In this brief meditation I wanted to share this word from Elizabeth Johnson:
Deeply harmful attitudes and practices have arisen in church and society because one group imagines itself superior to another. The resulting stratification of power, with some dominant, some subordinate, shapes institutions of racism, sexism, ecclesiastical clericalism, and ruination of the earth, among other pernicious sins. The revitalized idea of the Trinity makes clear that, far from existing as a monarch ruling from isolated splendor and lording it over others, the living God is an overflowing communion of self-giving love. [Elizabeth A. Johnson,Quest for the Living God: Mapping Frontiers in the Theology of God (p. 223). Bloomsbury Publishing. Kindle Edition. ]

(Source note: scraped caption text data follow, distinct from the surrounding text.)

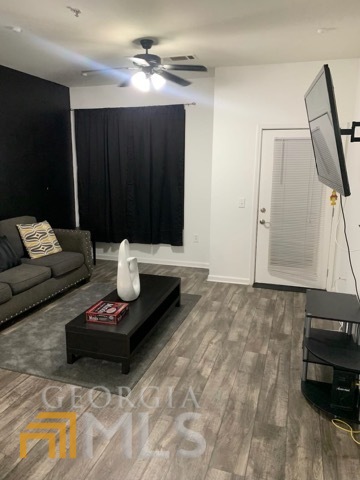Photo 1 of 14 — 870 Mayson Turner RD NW UNIT 1420, Atlanta, GA 30314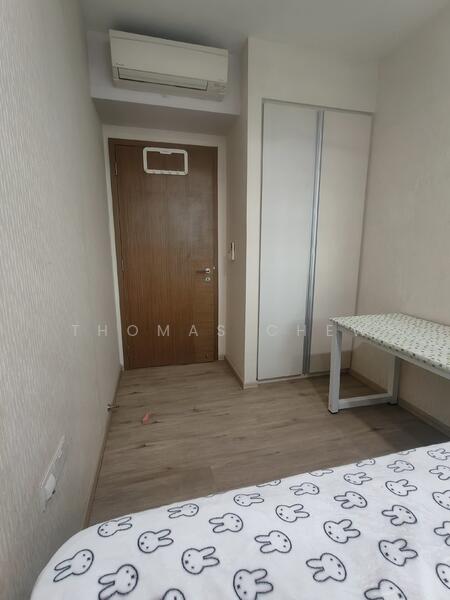 11 Fernvale Lane photo 4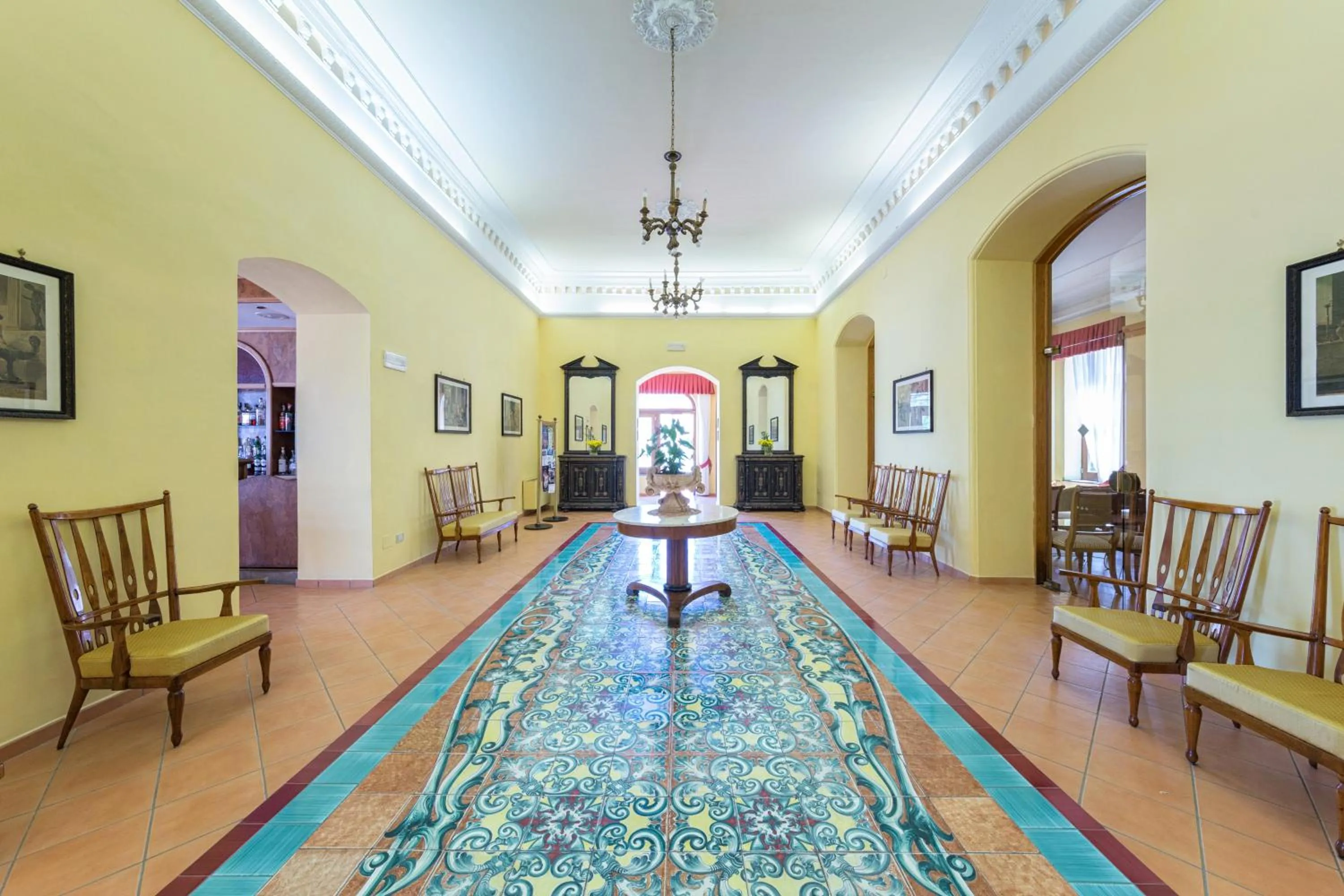 Restaurant/places to eat in Hotel Iaccarino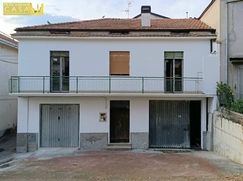 Casa Bi/Trifamiliare in Residenziale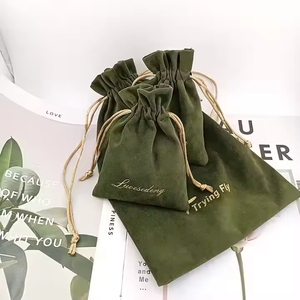 Custom Logo Green Velvet Gift <b>Bags</b> Thicker Soft Jewelry Pouch for Watches Necklaces Economical <b>Dust</b> Sack for Weddings Parties - Product Image 2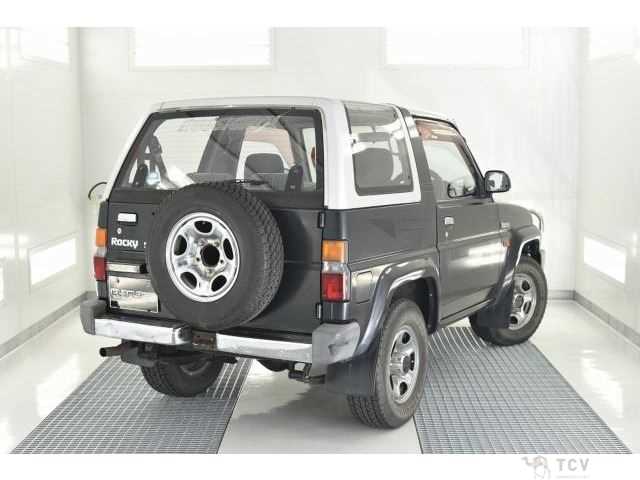 1992 Daihatsu Rocky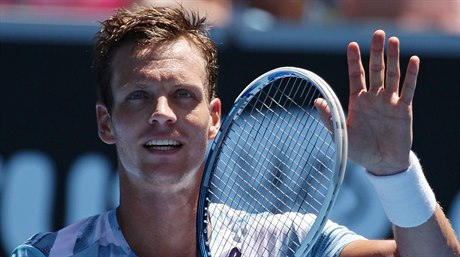 Tomá Berdych se raduje z postupu do osmifinále Australian Open.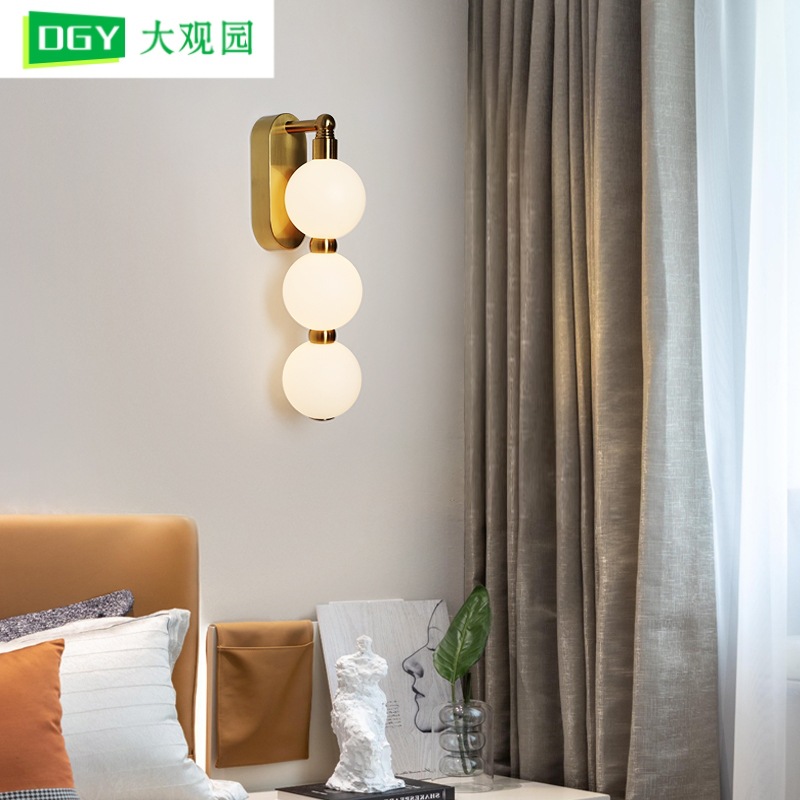 Gran vista jardín lámpara de cama lámpara de pared moderna minimalista y creativa nórdica luz de lujo crema viento dormitorio principal lámpara de pared de la sala de estar 389L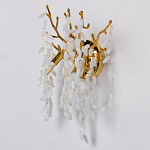 Бра золотого цвета с ветвями и белыми овальными стеклянными подвесками Droplet Chandelier варинант исполнения - 3 | Loft Concept в Омске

She makes the practical clearer when pointing to the way in which the church is called to live out this sense of mutuality that the Triune God exhibits:
The church’s identity and mission pivot on this point. Called to be a sacrament of the world’s salvation, the church is to be a living symbol of divine communion turned toward the world in inclusive and compassionate love. Only a community of equal persons related in profound mutuality, pouring out praise of God and care for the world in need , only such a church corresponds to the triune God it purports to serve. [Johnson, Quest for the Living God: (p. 223). Kindle Edition.]
It would seem, then, that our calling as church is to live in such a way that we experience mutuality and equality as a community living in relationship as defined by and exemplified by God -- whom we know as our "Father, Son, and Holy Spirit, Mother of us all."